(Exercise input)

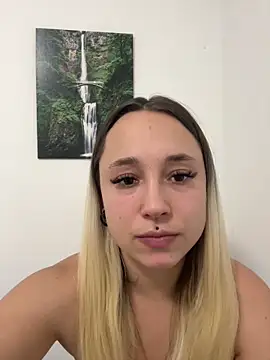 stelli 99 online show from October 12, 4:17 pm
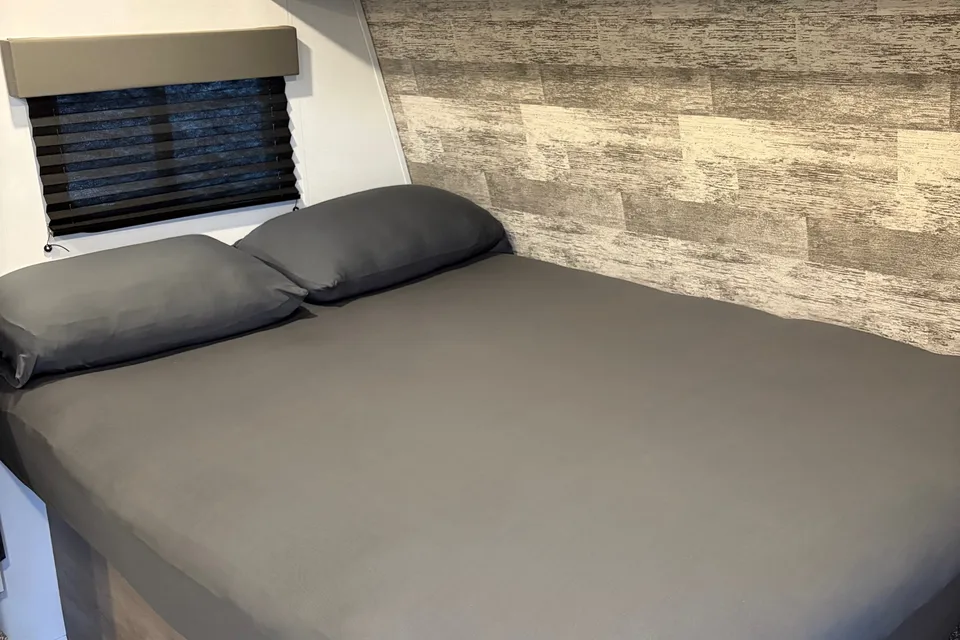 Adventure Bunkhouse w/ Slide Out-Easy Tow Camper Sleeps 5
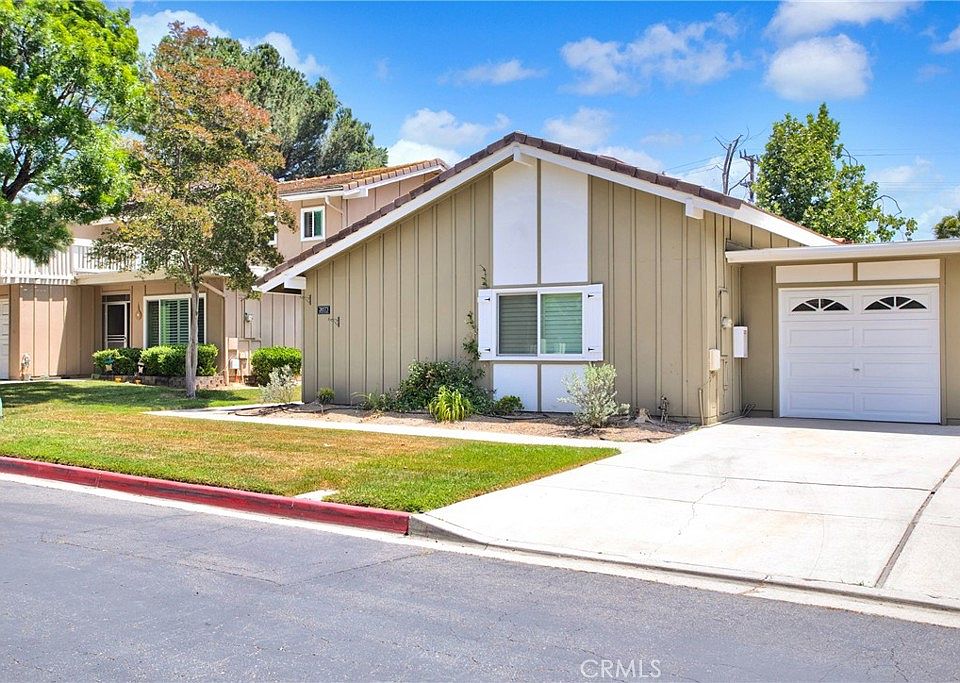 1st image of 28573 Via Las Flores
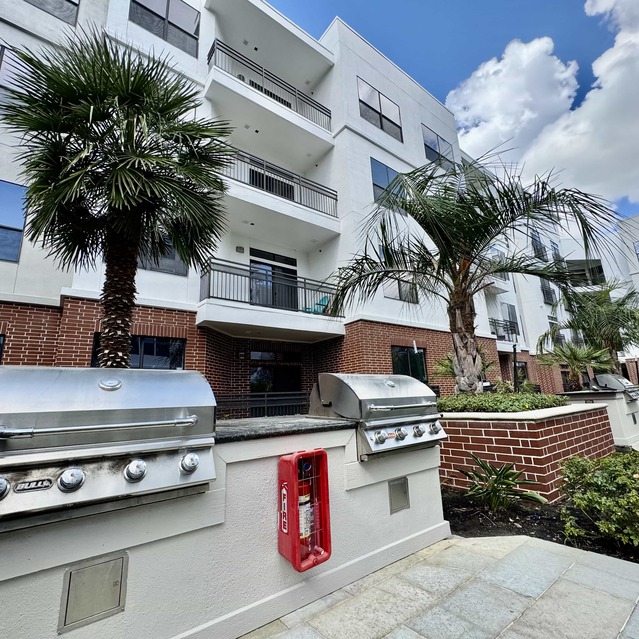 Instrata Upper Kirby - Outdoor grill station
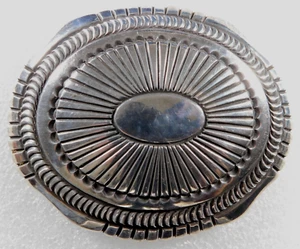 NAVAJO L M ESTERLINA Estampada Cúpula HECHA A MANO HEBILLA TRADICIONAL De Colección - Imagen 1 de 3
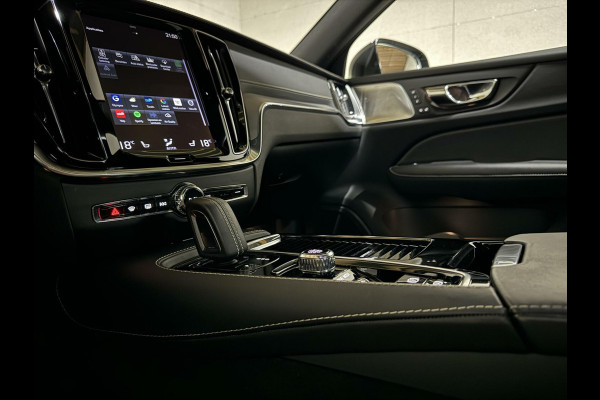 Volvo S60 2.0 T8 AWD Polestar Engineered B&W Pano Trekh. 360° Autopilot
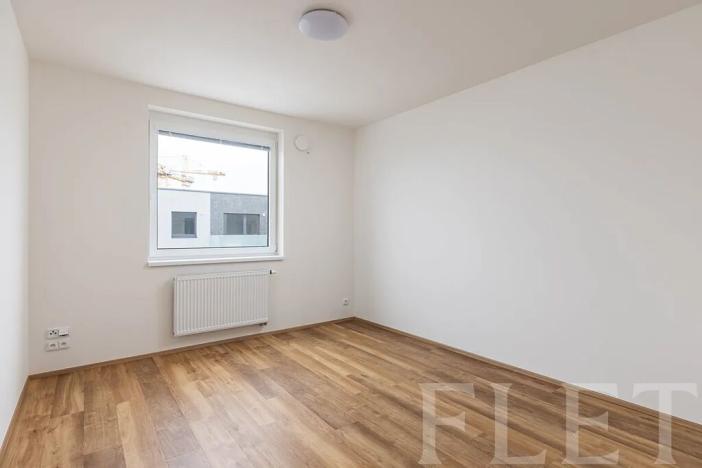 Pronájem bytu 2+kk, Praha - Prosek, Čakovická, 55 m2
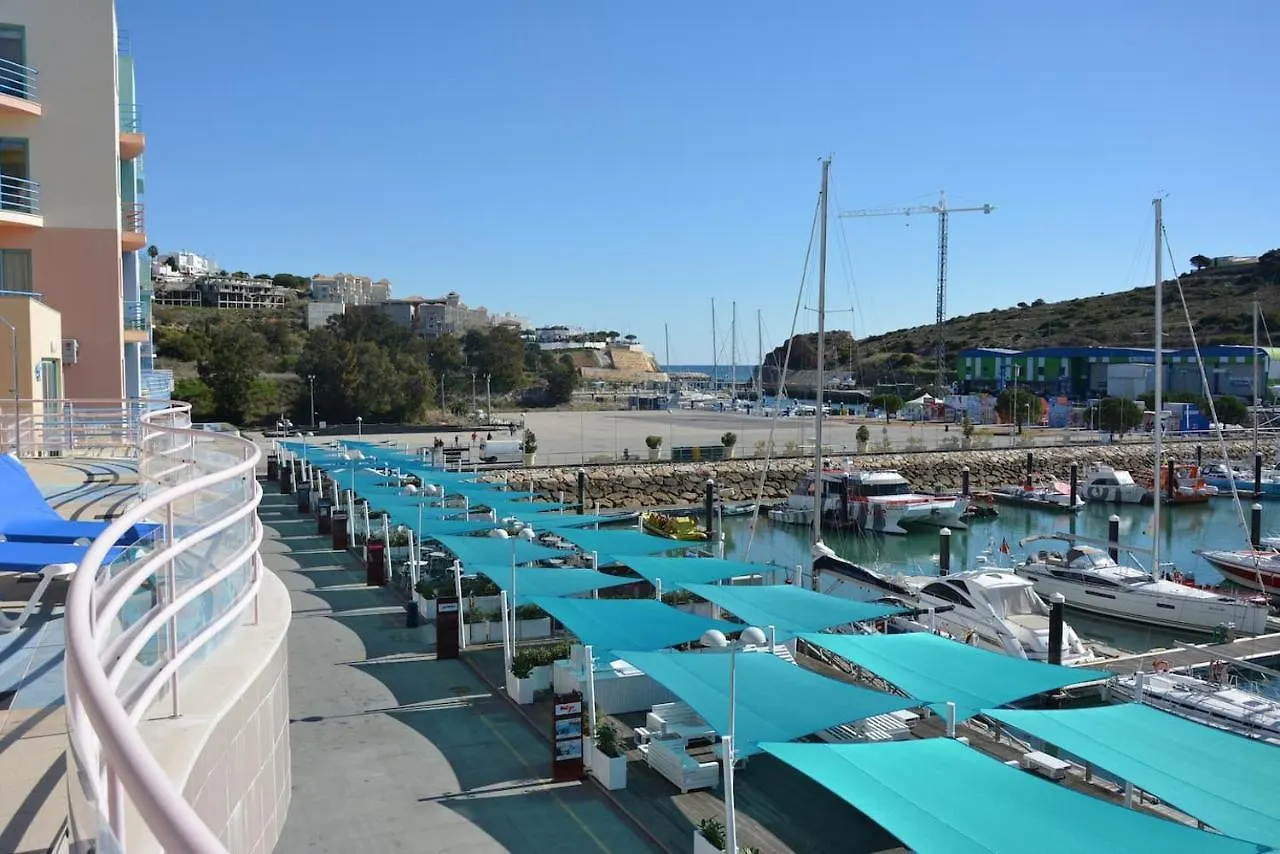 Wonderful Apartment Albufeira Marina 4B 2B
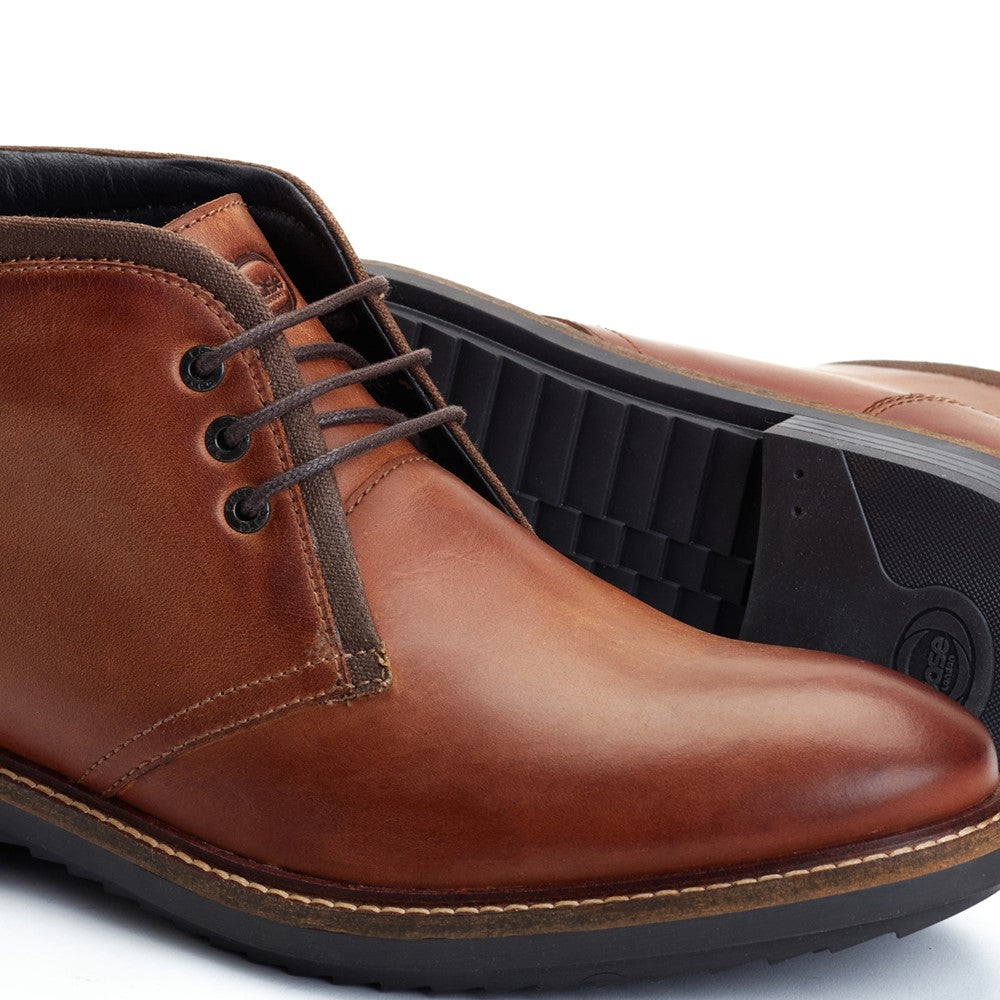 Base London Bartlett Pull Up Boots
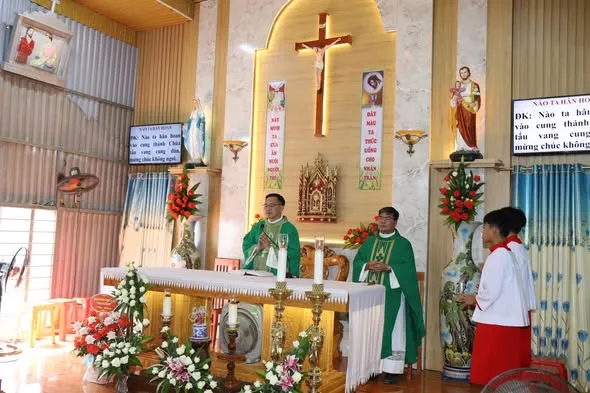 Giáo họ Bình Lư chầu Thánh Thể thay mặt Giáo phận – ảnh 3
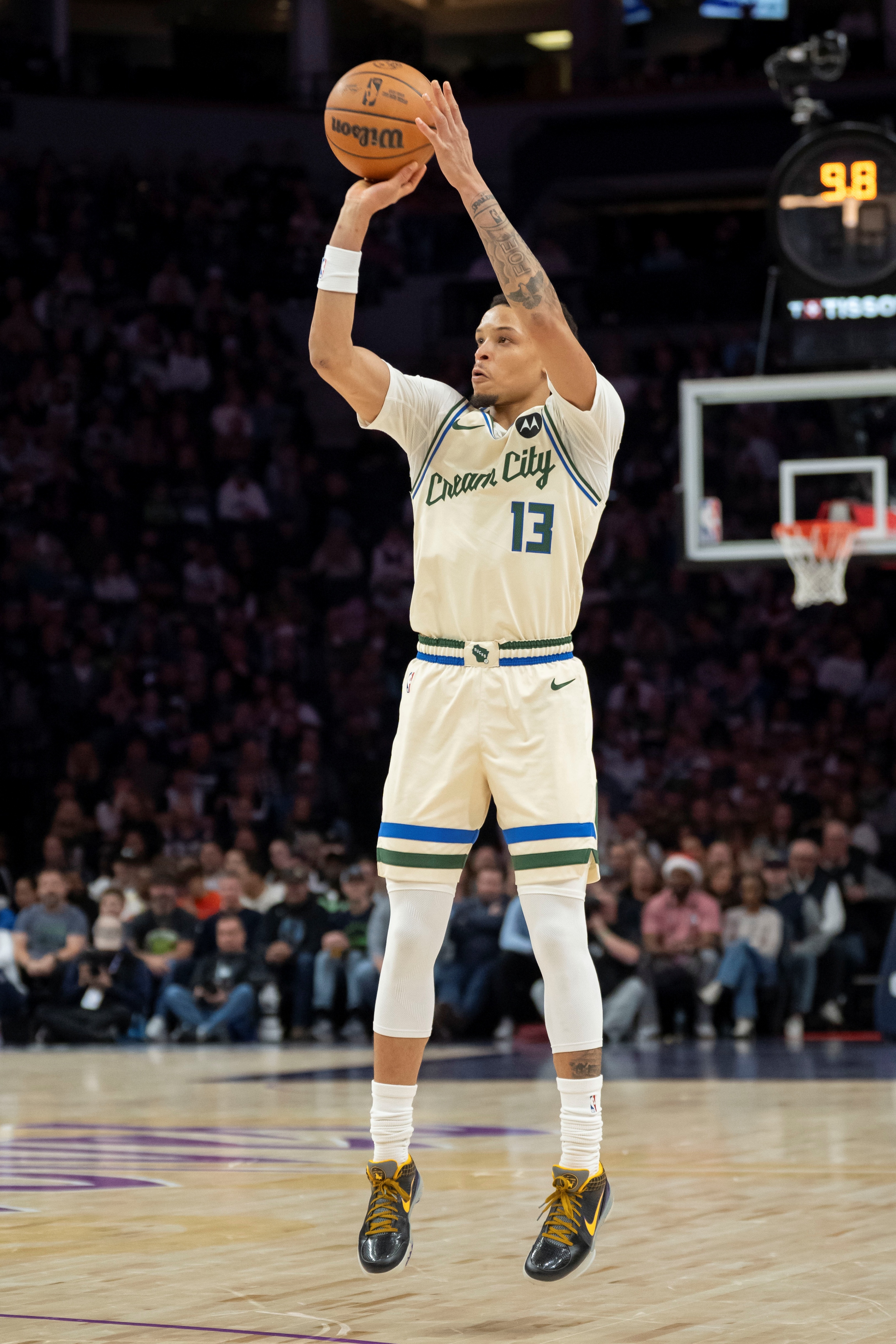 英雄联盟赛事官网-手感不佳！罗林斯14投5中&amp;三分5中1得11分7板3助1帽 正负值-23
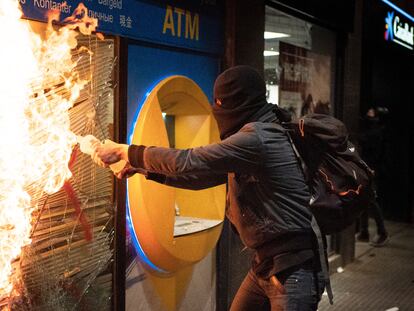 Un manifestante quema un banco en Barcelona durante las protestas por Hasél, el pasado sábado.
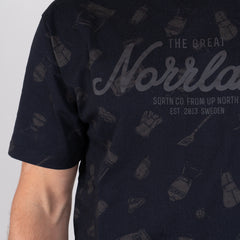 Svart t-shirt med grillmotiv, texten 'The Great Norrland' och grilltillbehörsmönster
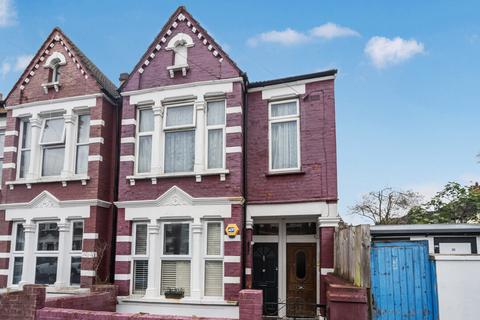 Heaton Road, Mitcham CR4 3 bed maisonette for sale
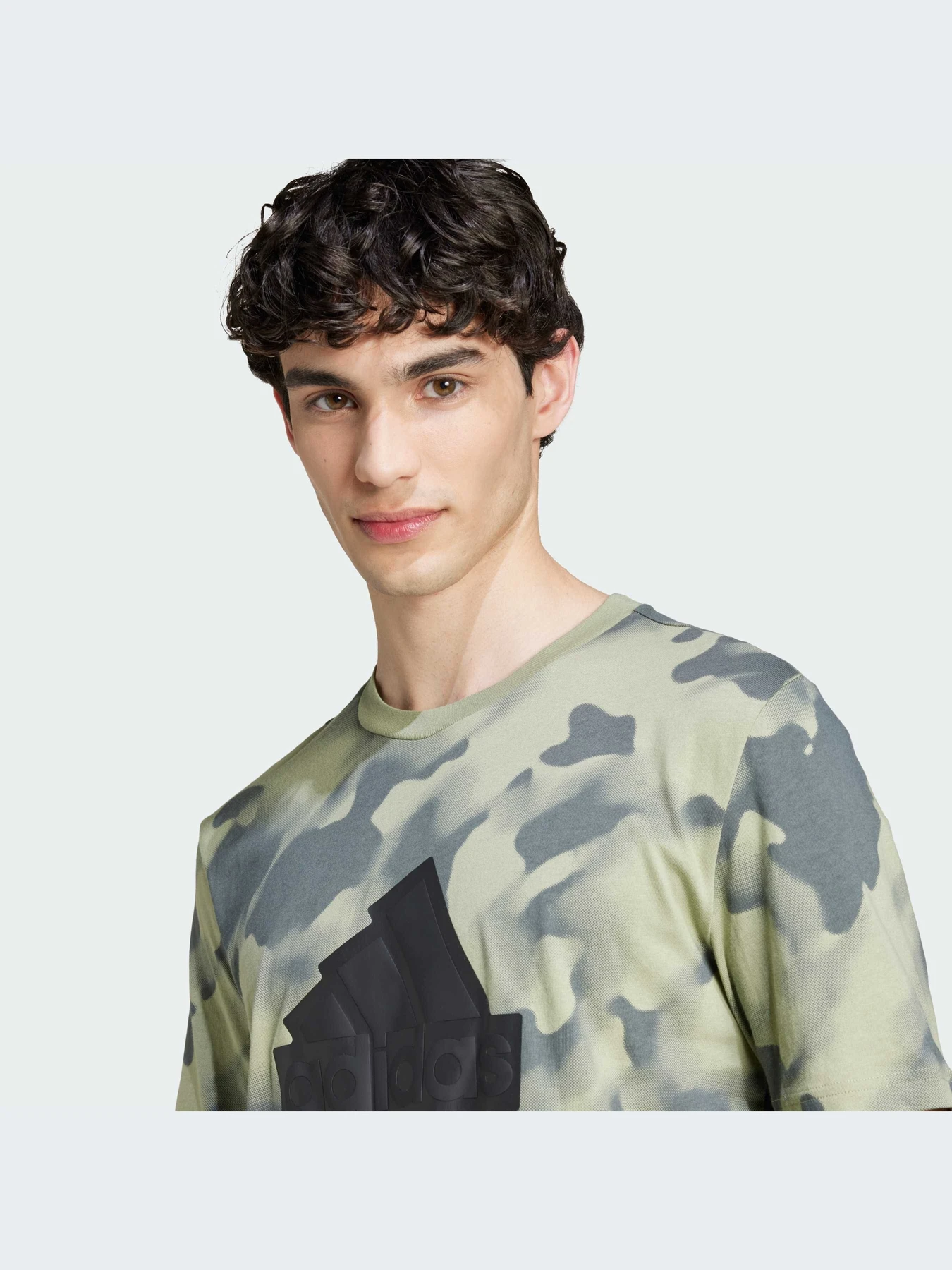 Футболки и поло Adidas модель IW8606 Футболки и поло Adidas модель IW8606 Фото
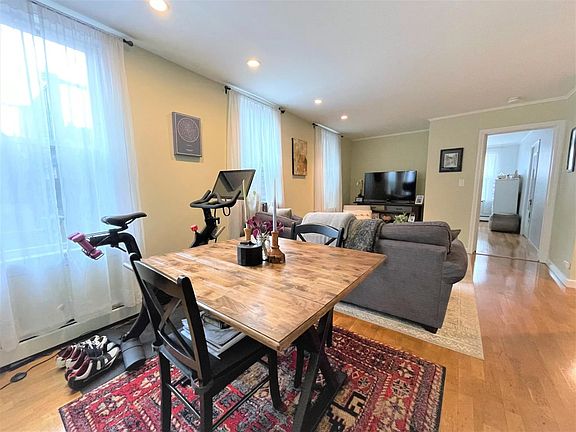 3rd image of 25 Pleasant St #1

(End Exercise input)

What the exercise asks = Copy exactly the lines running from the line with "1st image of 28573 Via Las Flores" to the final line of the listing, keeping both ends and dropping any picture.

Problem solution =
 1st image of 28573 Via Las Flores
 Instrata Upper Kirby - Outdoor grill station
 NAVAJO L M ESTERLINA Estampada Cúpula HECHA A MANO HEBILLA TRADICIONAL De Colección - Imagen 1 de 3
 Volvo S60 2.0 T8 AWD Polestar Engineered B&W Pano Trekh. 360° Autopilot
 Pronájem bytu 2+kk, Praha - Prosek, Čakovická, 55 m2
 Wonderful Apartment Albufeira Marina 4B 2B
 Base London Bartlett Pull Up Boots
 Giáo họ Bình Lư chầu Thánh Thể thay mặt Giáo phận – ảnh 3
 英雄联盟赛事官网-手感不佳！罗林斯14投5中&amp;三分5中1得11分7板3助1帽 正负值-23
 Un manifestante quema un banco en Barcelona durante las protestas por Hasél, el pasado sábado.
 Svart t-shirt med grillmotiv, texten 'The Great Norrland' och grilltillbehörsmönster
 Heaton Road, Mitcham CR4 3 bed maisonette for sale
 Футболки и поло Adidas модель IW8606 Футболки и поло Adidas модель IW8606 Фото
 3rd image of 25 Pleasant St #1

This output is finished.